Omitting all pictures, print the lines of the listing from the one containing "Cubs come through in late innings, top Reds" through the final line, both ends included, with no other text.

● **Materials provided**
........

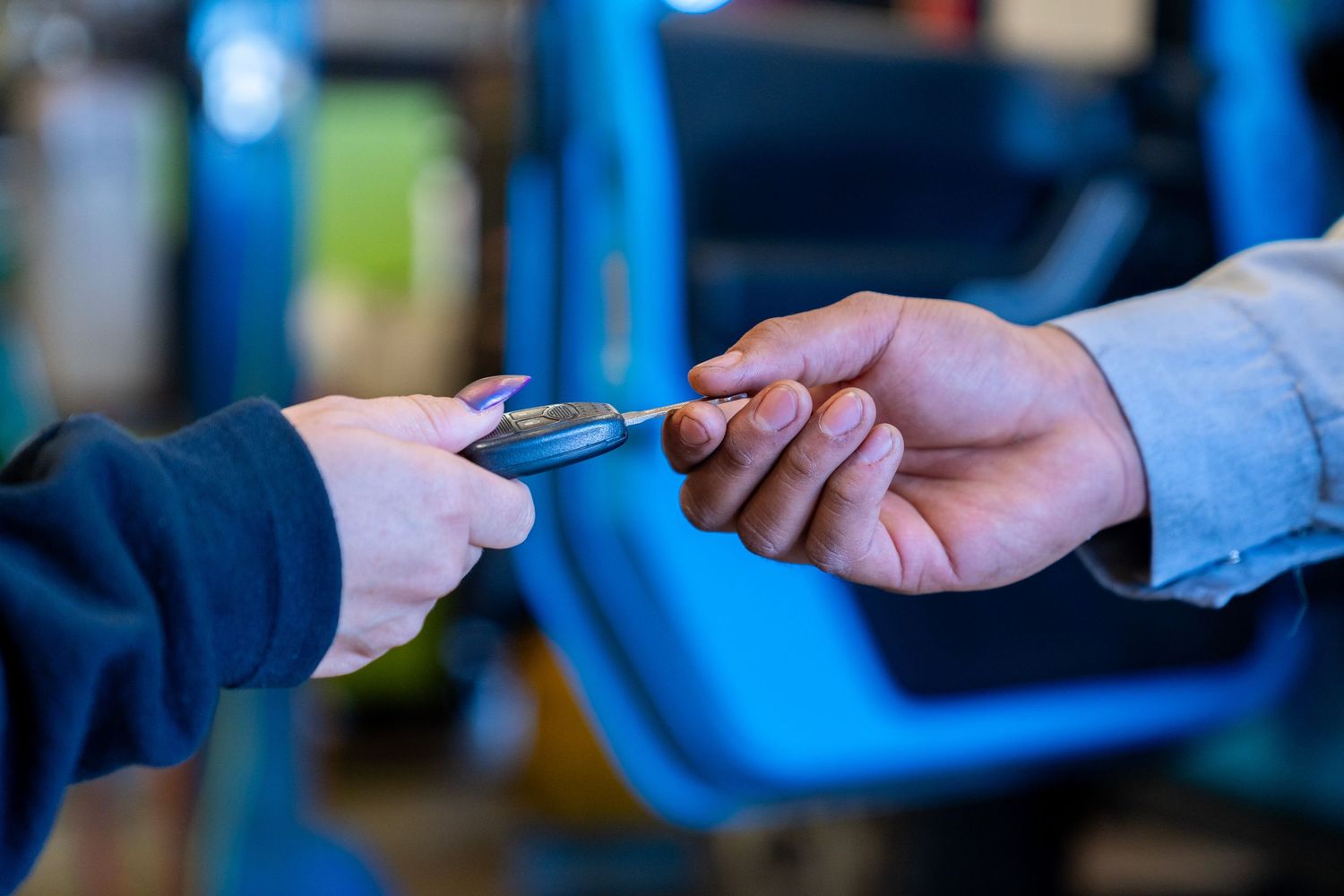Two hands exchanging a blue credit card during a payment transaction in a retail setting.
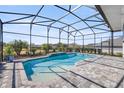 Screened pool and patio area with a spacious backyard at 5141 Greens Dr, Lady Lake, FL 32159
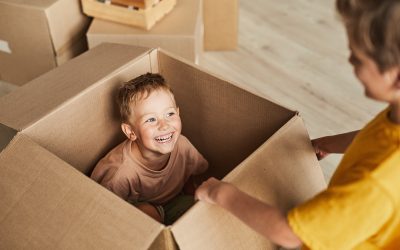 High angle portrait of happy smiling boy sitting in cardboard boxes and playing with mom in new house, copy space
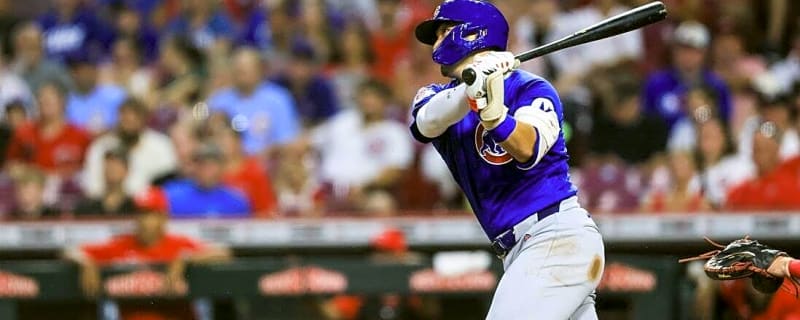Cubs come through in late innings, top Reds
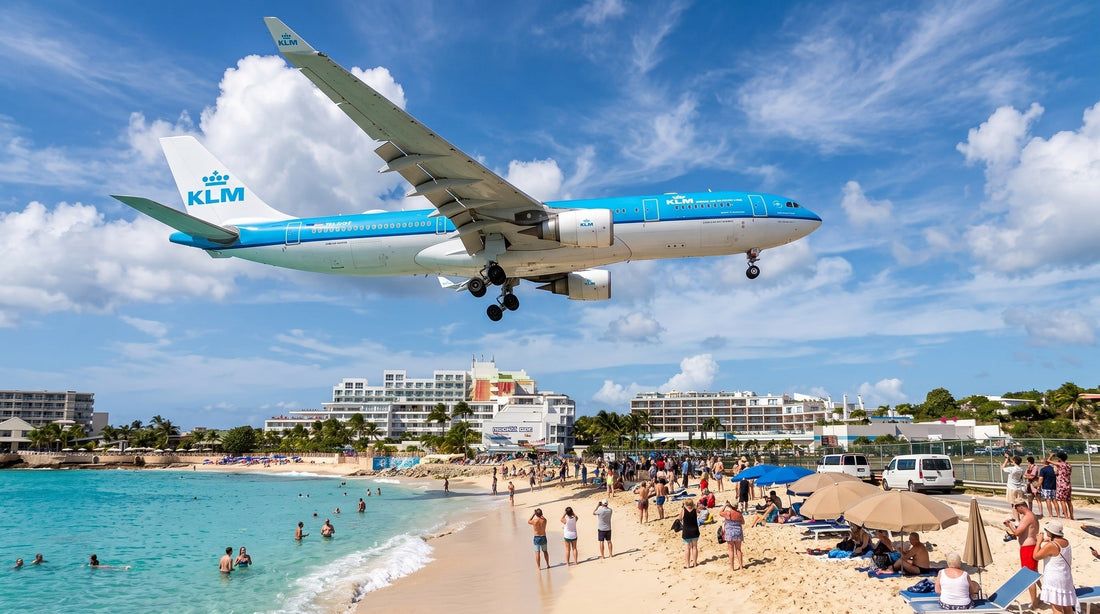 Aircraft above Maho Beach and turquoise water on St. Maarten.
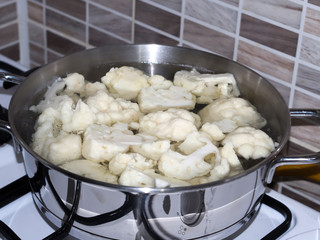 cauliflower boiled in a pan on a cooker in the kitchen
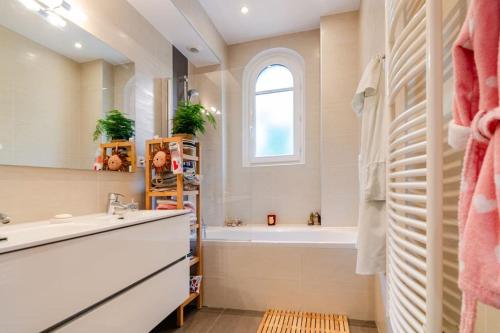 La salle de bains est pourvue d'un lavabo, d'une baignoire et d'une fenêtre. dans l'établissement Appartement en bord de Seine, à Paris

........

● **Response for this exercise**
Cubs come through in late innings, top Reds
 Aircraft above Maho Beach and turquoise water on St. Maarten.
 cauliflower boiled in a pan on a cooker in the kitchen
 La salle de bains est pourvue d'un lavabo, d'une baignoire et d'une fenêtre. dans l'établissement Appartement en bord de Seine, à Paris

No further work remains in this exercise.